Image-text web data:
:::::

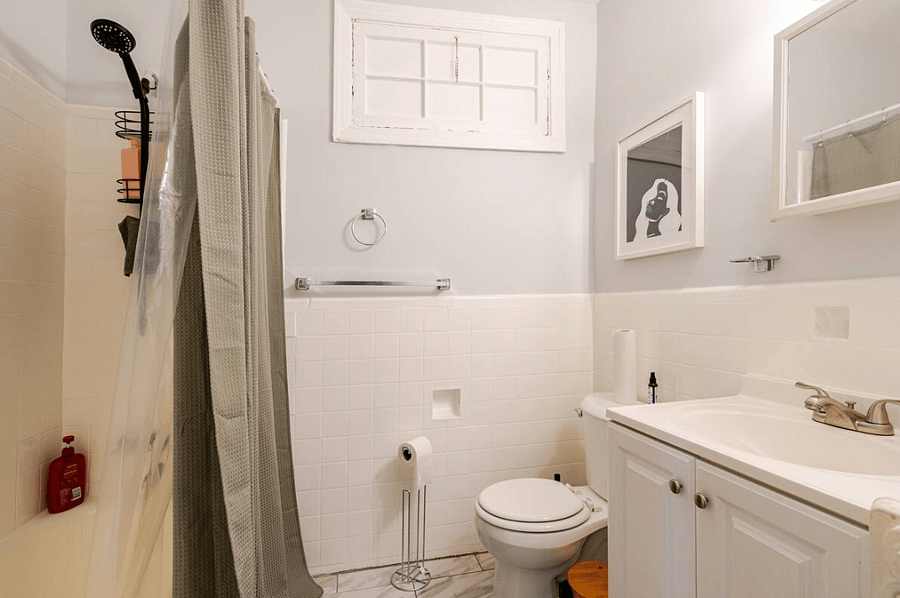 Furnished Finder property 566373_1 photo 6
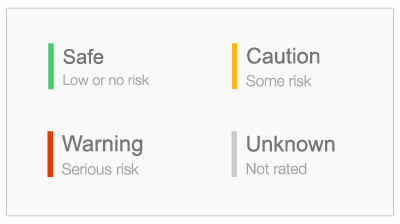 Image with missing alt attribute found on eshield.com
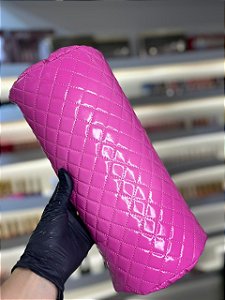 APOIO DE MÃO ALMOFADA BÁSICO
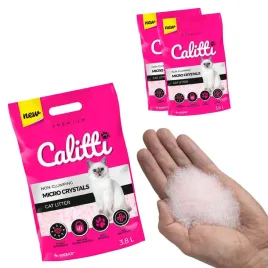 calitti-zwirek-silikonowy-micro-crystals-38l-x-2-76l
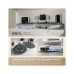 Пилосос Dreame D30 Ultra Black (RTD31TE-BL)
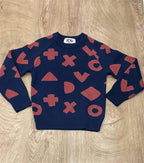 MAGLIE
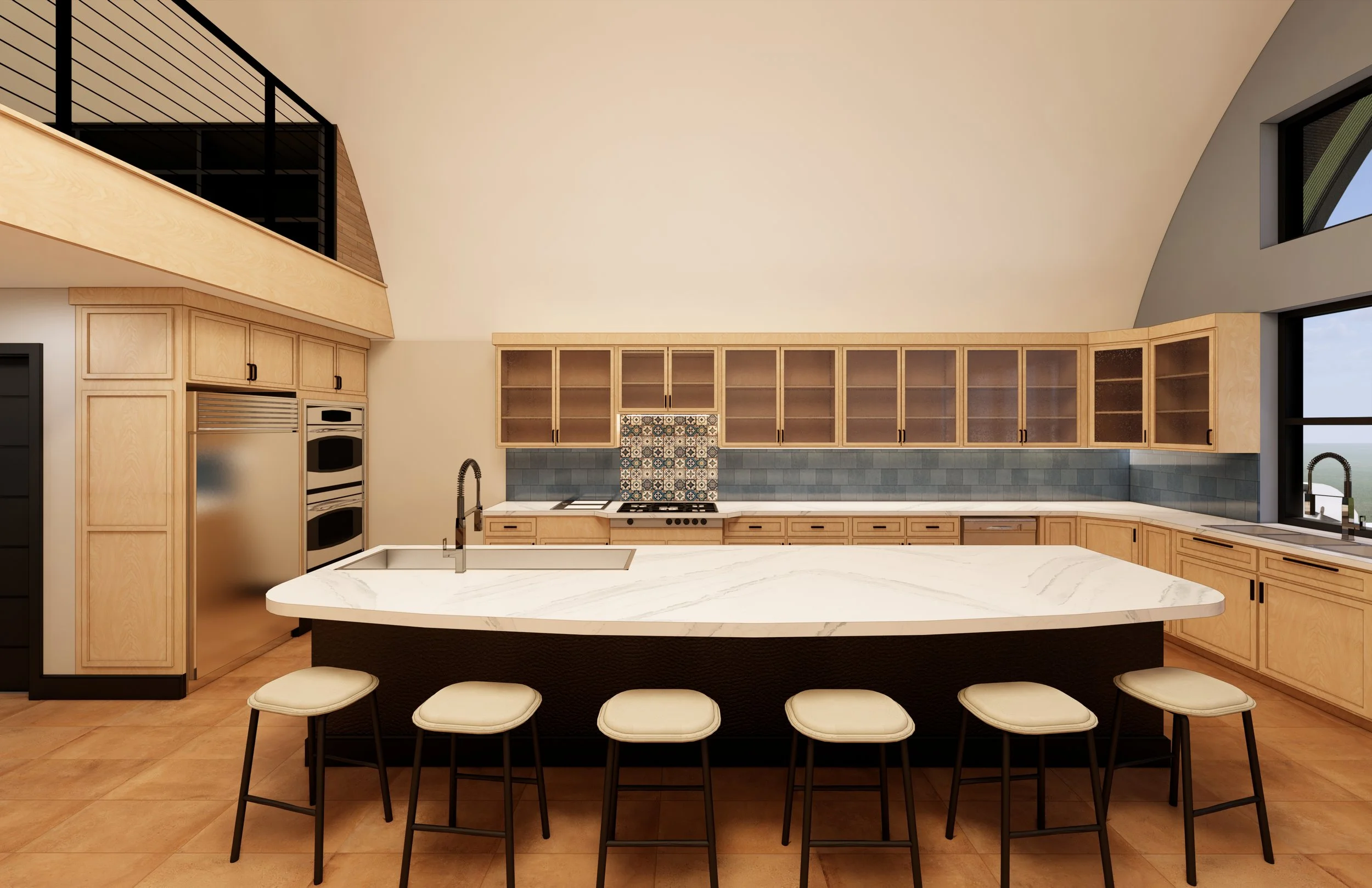 Enscape_2024-01-22-02-59-52_06_KITCHEN 2.jpg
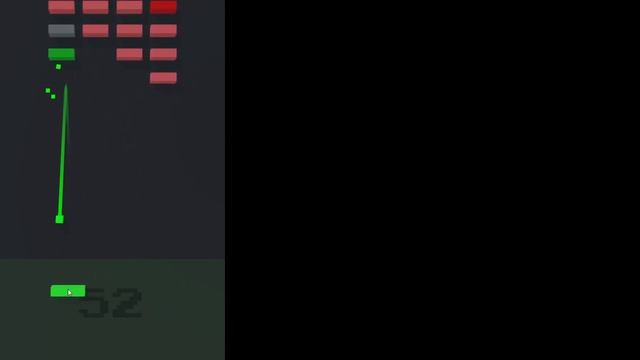 Infinite Breakout смотреть онлайн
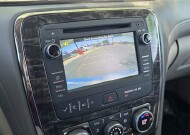2014 Buick Enclave in Mesa, AZ 85212 - 18151620 21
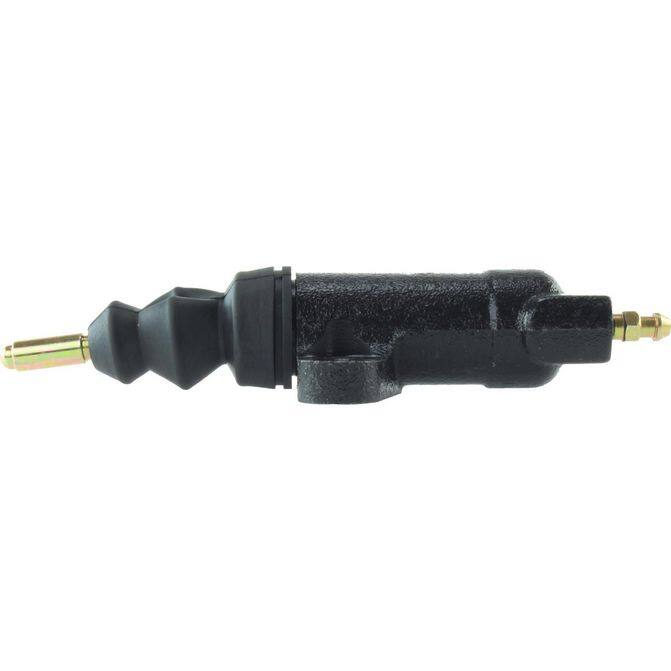 CEN CENTRIC PARTS 13942301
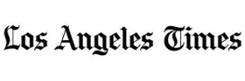 Vincent Oliver has appeared in the Los Angeles Times on numerous occasions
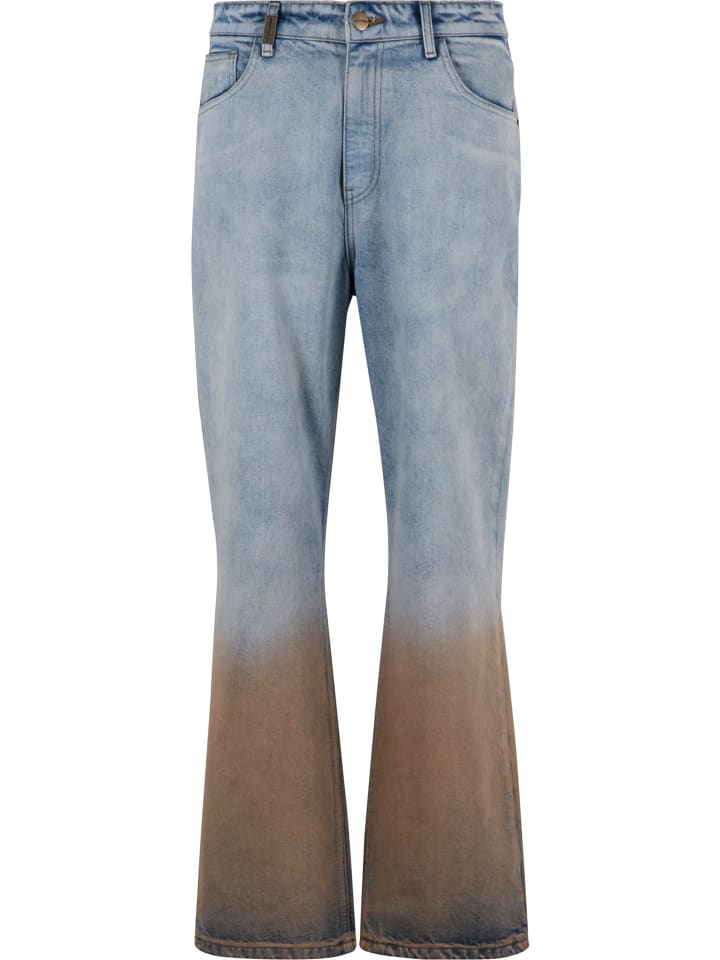 Джинсы 2Y Studios цвета кэмел 2Y Studios
Джинсы 2Y Studios цвета кэмел 2Y Studios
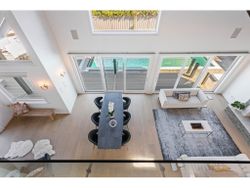 k-4 at 6926 Blenheim Street, Southlands, Vancouver West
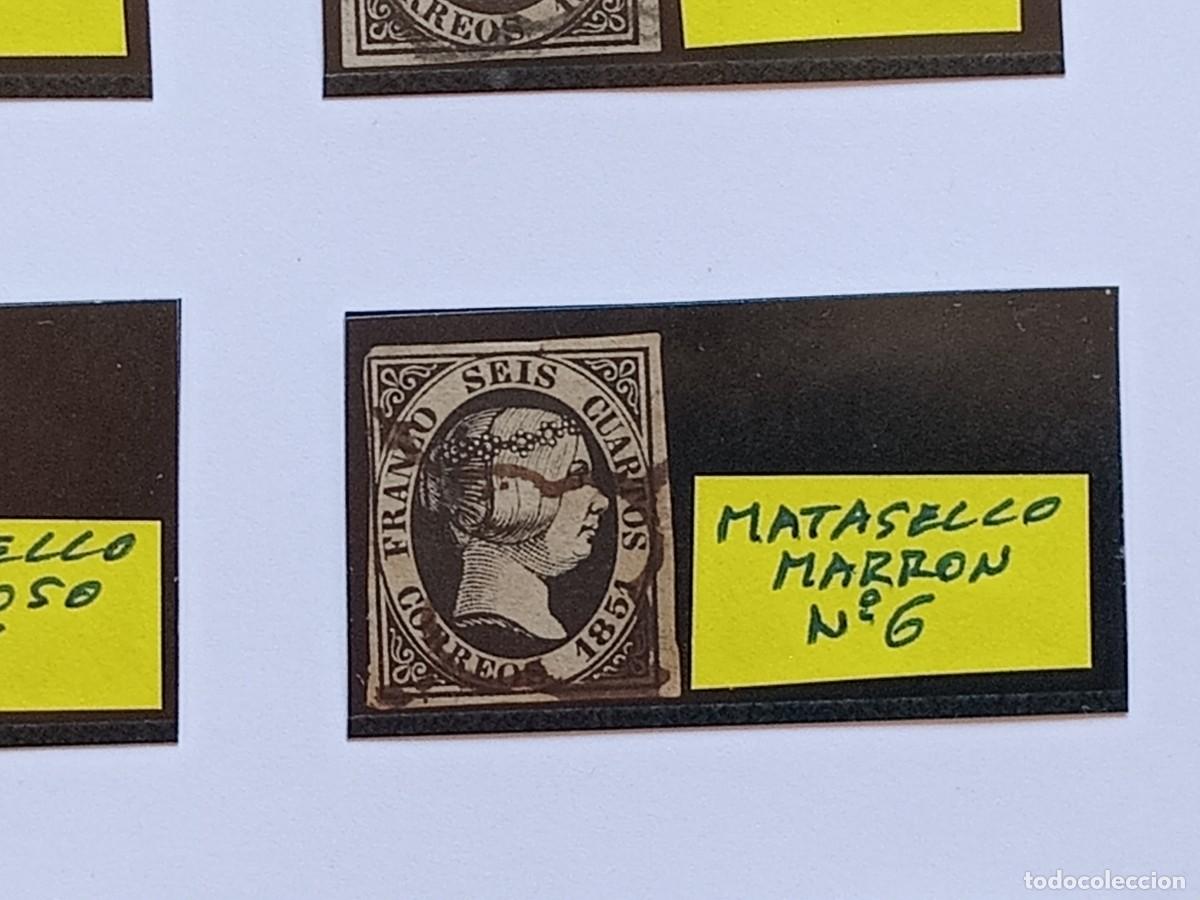 Sellos: Colecci&oacute;n propia. Env&iacute;o GRATIS. - Foto 15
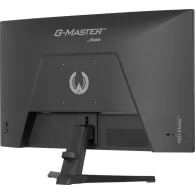 Monitor iiyama G-MASTER G2771QS-B1 - zdjęcie poglądowe 5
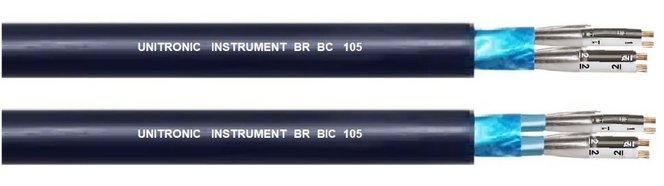 Instrument imagem
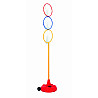 Cardiogoal-Starter-Set Classic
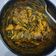 Cooksnap dari Rika Chrismayana Ginting untuk resep Ikan Mas Arsik Khas Karo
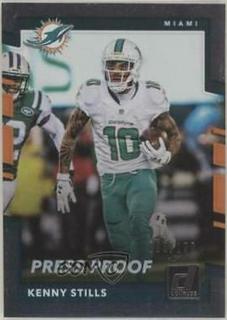 Kenny Stills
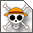 FunApps - One Piece Edition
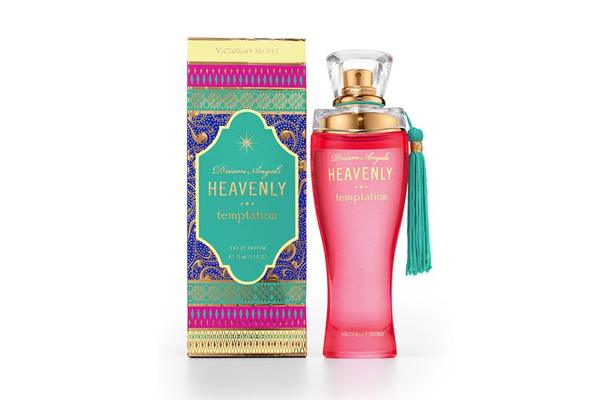 Victorias Secret Dream Angels Heavenly Temptation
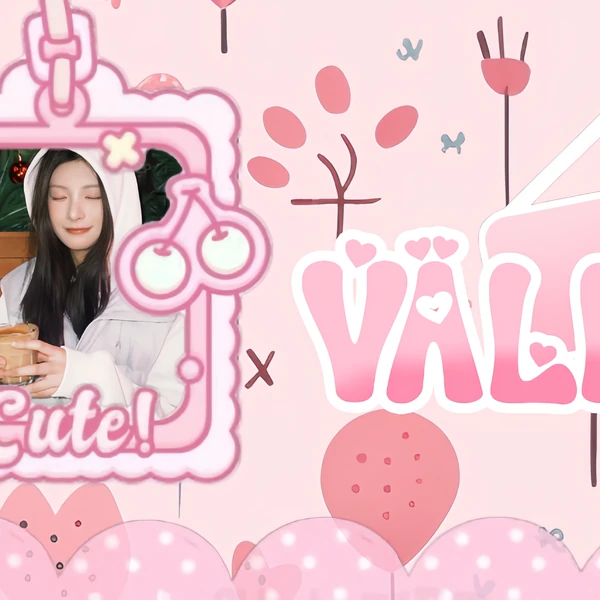 粉絲票選的王怡人最佳瞬間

:::::

## Work required
Leave out every picture, and write out exactly the lines from the one with "Kenny Stills" through the end of the records above, both ends included.

## Solution for this exercise
 Kenny Stills
 FunApps - One Piece Edition
 Victorias Secret Dream Angels Heavenly Temptation
 粉絲票選的王怡人最佳瞬間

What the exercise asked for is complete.